Murine neuroblastoma cells (Neuro2a, 1x106) were inoculated into the peritoneal cavity of 25 male A/J mice, which subsequently underwent CO2 pneumoperitoneum (n = 12) or laparotomy (n = 13) for 1 h. At the 28th postoperative day, local (peritoneal and surface of the gut) and systemic (liver, lung, spine) tumor spread was graded in a blinded manner (1–4 point scale) and specimens were histologically examined for tumor manifestation (hematoxylin and eosin stain) and tumor cell proliferation rate (Ki-67-stain). In the case of no visible lesion, five random sections were histologically examined. Peritoneal carcinosis was graded macroscopically.

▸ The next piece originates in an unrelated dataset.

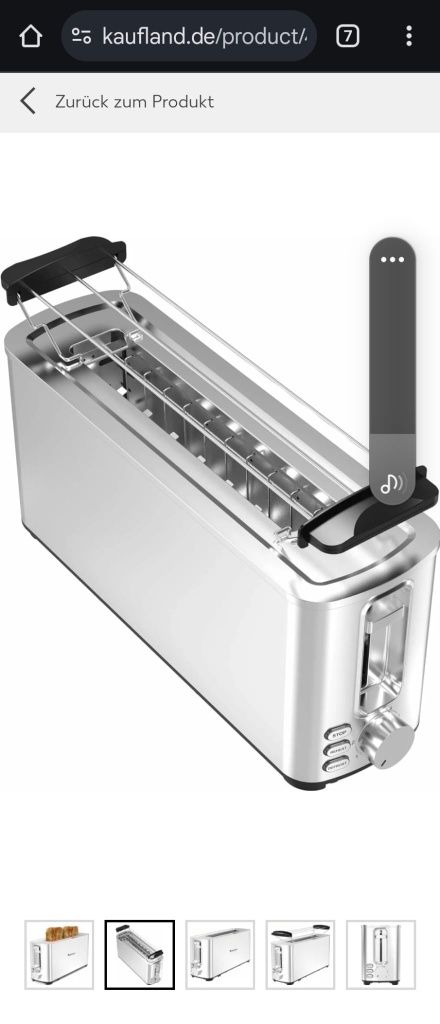 Toaster paine premium inox
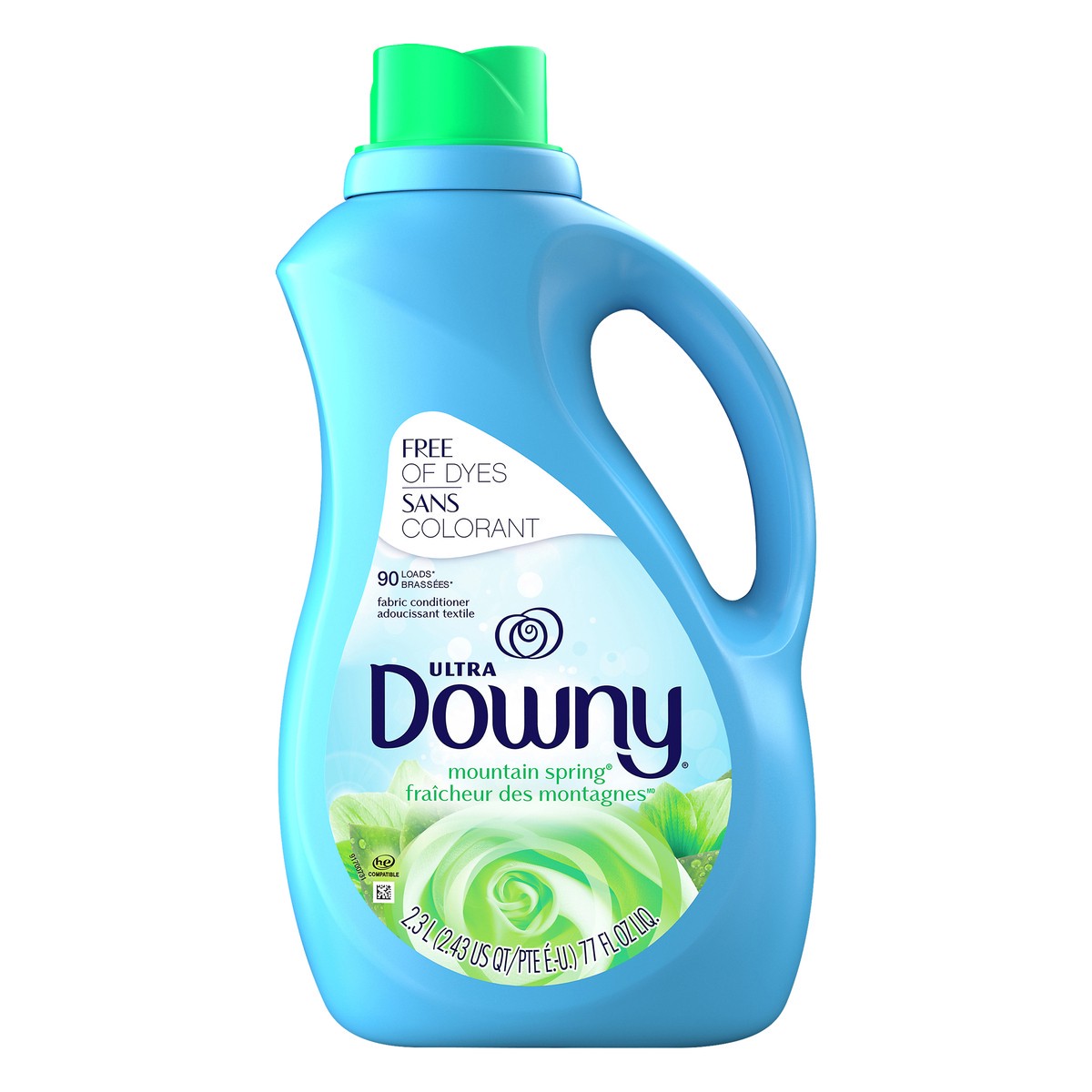 slide 4 of 7, Downy Ultra HE Mountain Spring Fabric Conditioner 2.3 lt, 2.30 l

Tumor manifestations were detected in 10 out of 12 (83%) animals after CO2 pneumoperitoneum, and in 9 out of 13 (69%) after laparotomy (n.s.). Incidence of liver metastasis was higher after CO2 pneumoperitoneum versus laparotomy (83% versus 31%; p < 0.05). Incidence and grading of peritoneal carcinosis was not significantly different between the groups (n.s.). Intrapulmonary metastasis was found in one mouse of each group, but no metastasis of the spine. However, the grading of liver metastasis was higher after CO2 pneumoperitoneum compared to laparotomy (p < 0.05). Tumor cell proliferation (Ki-67 stain) in the liver did not differ between both groups. Moreover, proliferation always exceeded 50% of tumor cells, irrespective local or systemic tumor manifestation.
CO2 pneumoperitoneum increased intrahepatic metastasis, but not local peritoneal carcinosis in a murine neuroblastoma model. This suggests that laparoscopy could promote systemic dissemination of intraperitoneally spilled tumor cells when no chemotherapy is applied. It remains to be determined whether this is due to local immune suppression or direct modulation of tumor cell behavior.